Given the material below, return only the lines starting at the line with "So that is setting" and ending at the line with "There's a really", exactly as they appear.

▸ **SOURCE MATERIAL**:
+-------+
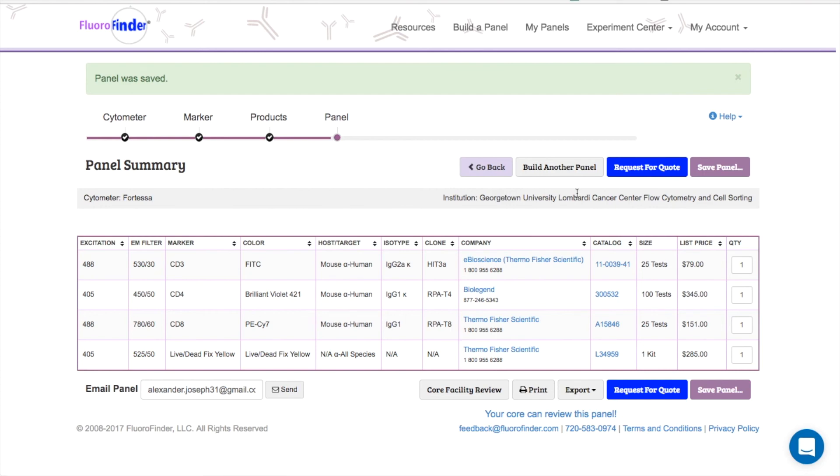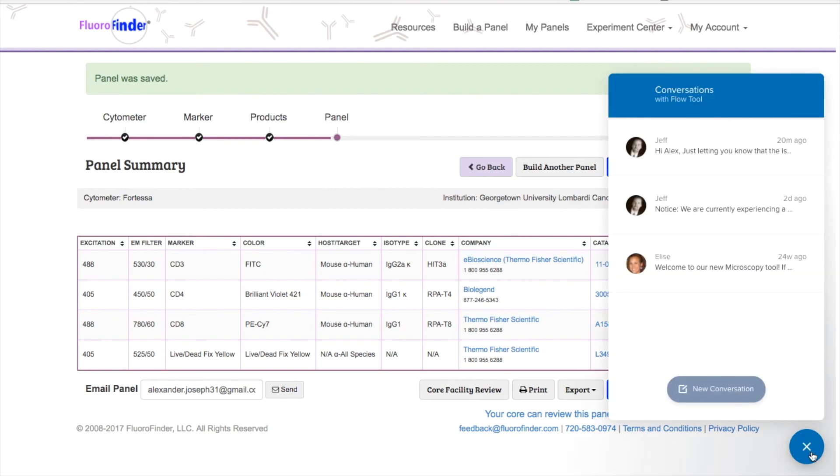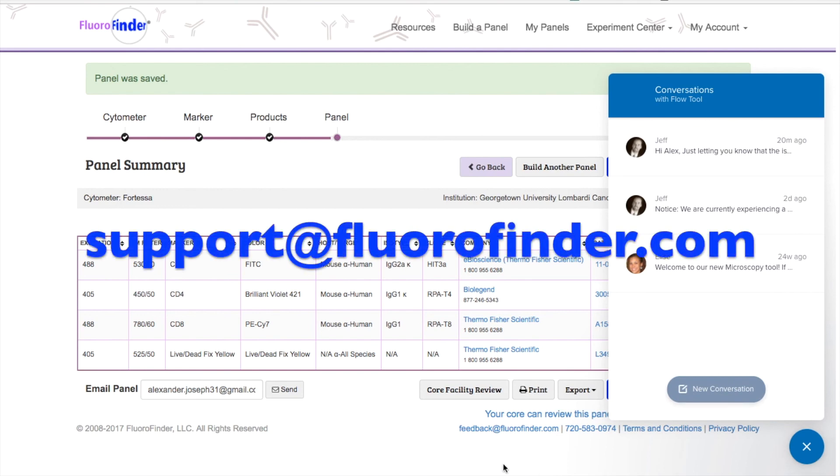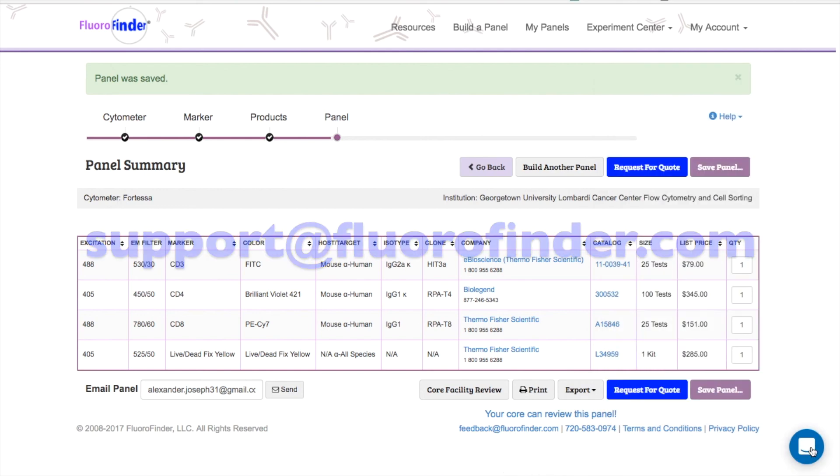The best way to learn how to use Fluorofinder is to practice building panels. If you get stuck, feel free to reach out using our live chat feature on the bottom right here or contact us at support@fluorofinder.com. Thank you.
+-------+
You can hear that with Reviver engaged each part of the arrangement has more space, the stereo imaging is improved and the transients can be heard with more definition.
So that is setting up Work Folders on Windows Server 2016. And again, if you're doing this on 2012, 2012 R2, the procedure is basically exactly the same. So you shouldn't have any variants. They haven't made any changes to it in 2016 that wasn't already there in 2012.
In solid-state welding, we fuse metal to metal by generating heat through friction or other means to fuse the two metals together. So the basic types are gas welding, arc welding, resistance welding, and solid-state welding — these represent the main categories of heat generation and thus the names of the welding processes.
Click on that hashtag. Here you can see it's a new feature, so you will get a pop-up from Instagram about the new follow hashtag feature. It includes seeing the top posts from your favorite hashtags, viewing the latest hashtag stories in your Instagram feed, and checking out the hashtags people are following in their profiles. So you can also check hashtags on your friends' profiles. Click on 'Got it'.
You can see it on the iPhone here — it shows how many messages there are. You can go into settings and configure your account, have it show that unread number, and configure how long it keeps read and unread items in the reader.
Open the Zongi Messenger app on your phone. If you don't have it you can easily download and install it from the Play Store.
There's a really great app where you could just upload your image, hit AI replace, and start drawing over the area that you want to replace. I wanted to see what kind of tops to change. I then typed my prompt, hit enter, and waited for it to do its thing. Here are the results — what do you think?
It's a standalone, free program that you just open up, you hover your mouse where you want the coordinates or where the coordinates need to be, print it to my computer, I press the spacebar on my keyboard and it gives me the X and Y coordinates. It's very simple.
+-------+
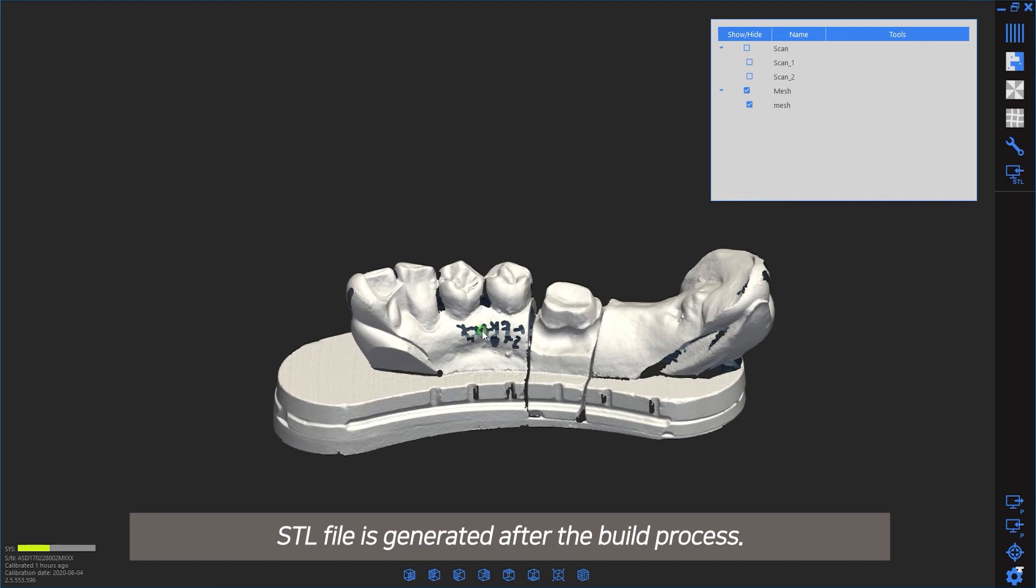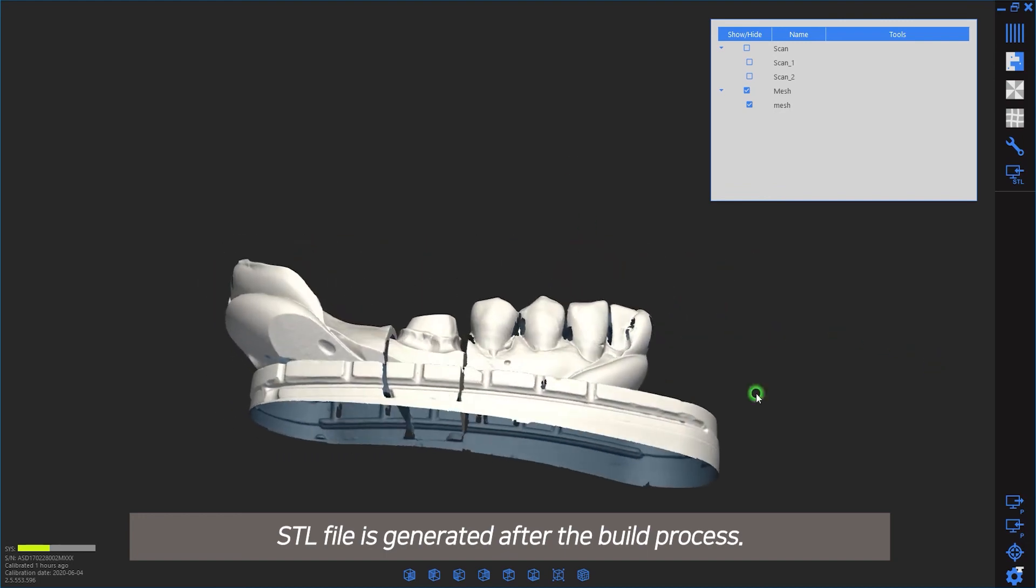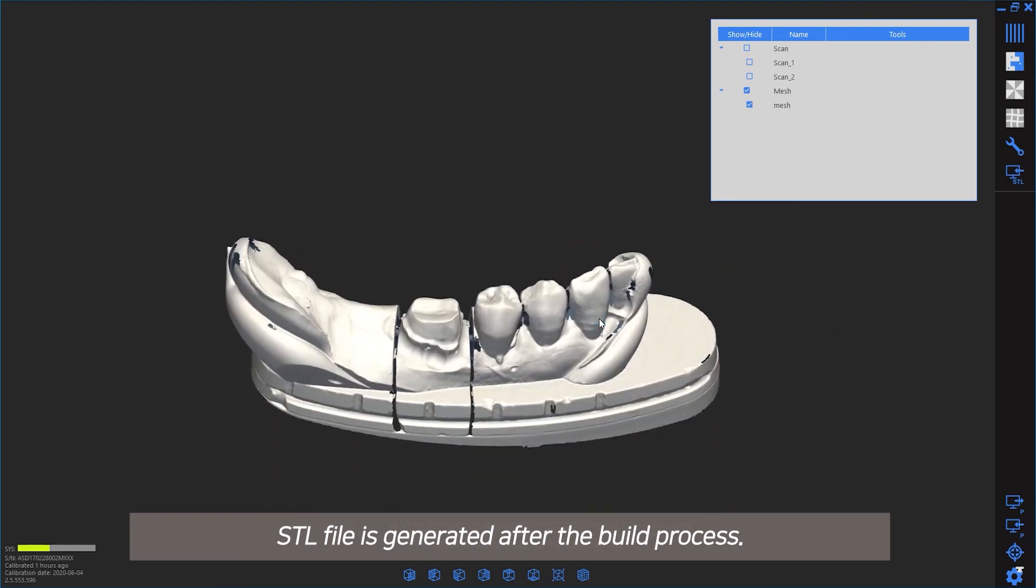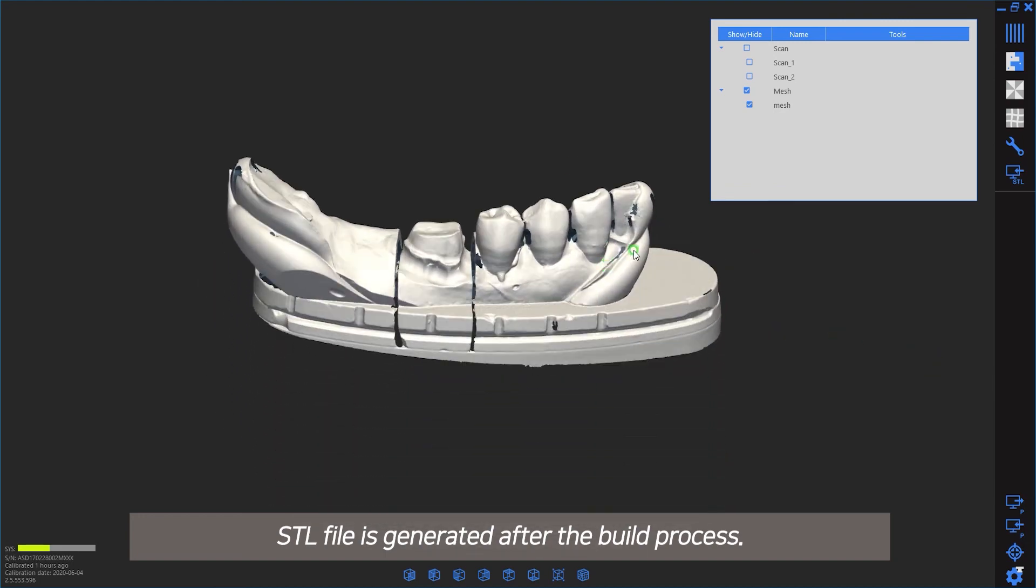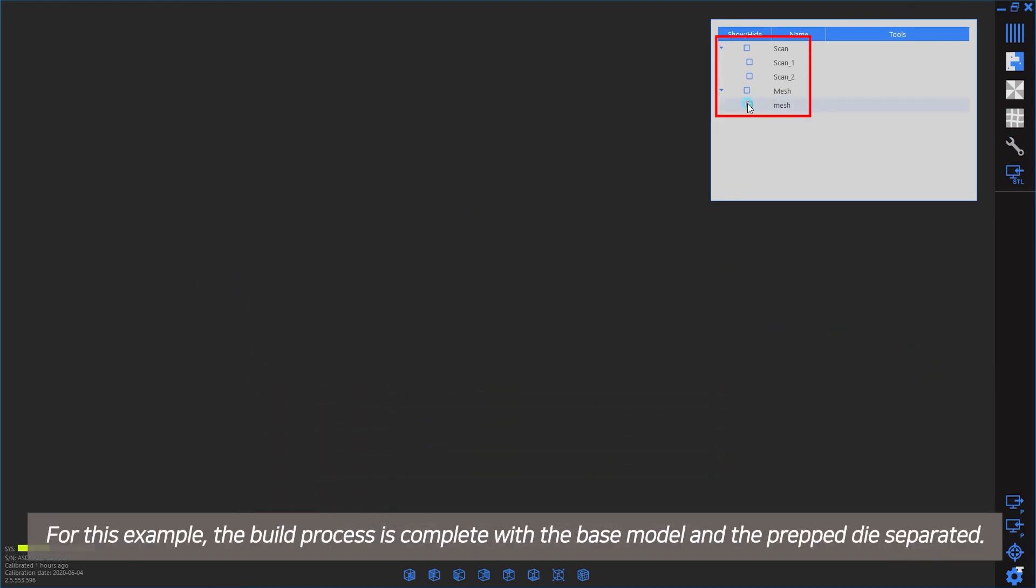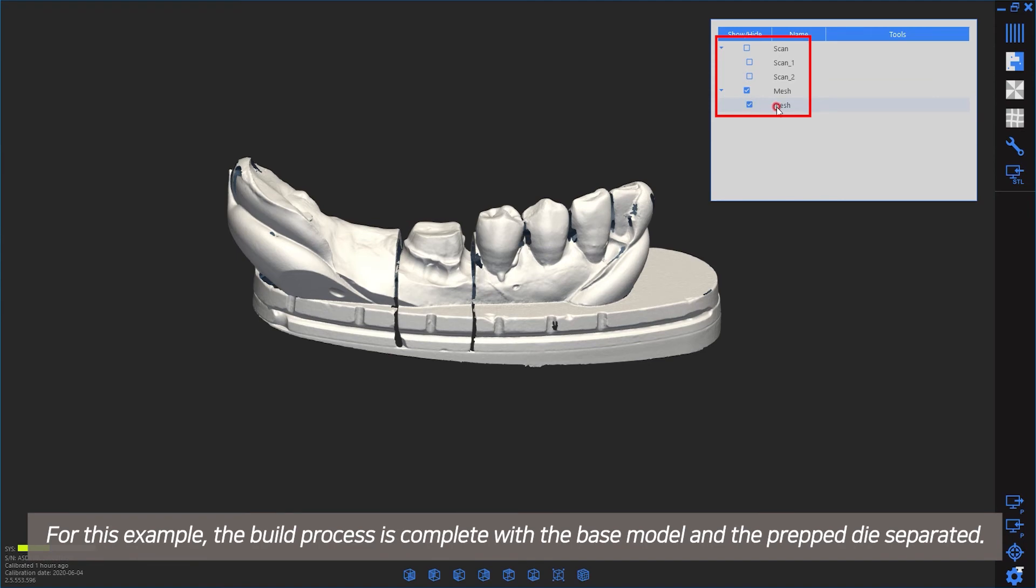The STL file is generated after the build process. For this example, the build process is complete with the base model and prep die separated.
+-------+
▸ **SOLUTION TO THE EXERCISE**:
So that is setting up Work Folders on Windows Server 2016. And again, if you're doing this on 2012, 2012 R2, the procedure is basically exactly the same. So you shouldn't have any variants. They haven't made any changes to it in 2016 that wasn't already there in 2012.
In solid-state welding, we fuse metal to metal by generating heat through friction or other means to fuse the two metals together. So the basic types are gas welding, arc welding, resistance welding, and solid-state welding — these represent the main categories of heat generation and thus the names of the welding processes.
Click on that hashtag. Here you can see it's a new feature, so you will get a pop-up from Instagram about the new follow hashtag feature. It includes seeing the top posts from your favorite hashtags, viewing the latest hashtag stories in your Instagram feed, and checking out the hashtags people are following in their profiles. So you can also check hashtags on your friends' profiles. Click on 'Got it'.
You can see it on the iPhone here — it shows how many messages there are. You can go into settings and configure your account, have it show that unread number, and configure how long it keeps read and unread items in the reader.
Open the Zongi Messenger app on your phone. If you don't have it you can easily download and install it from the Play Store.
There's a really great app where you could just upload your image, hit AI replace, and start drawing over the area that you want to replace. I wanted to see what kind of tops to change. I then typed my prompt, hit enter, and waited for it to do its thing. Here are the results — what do you think?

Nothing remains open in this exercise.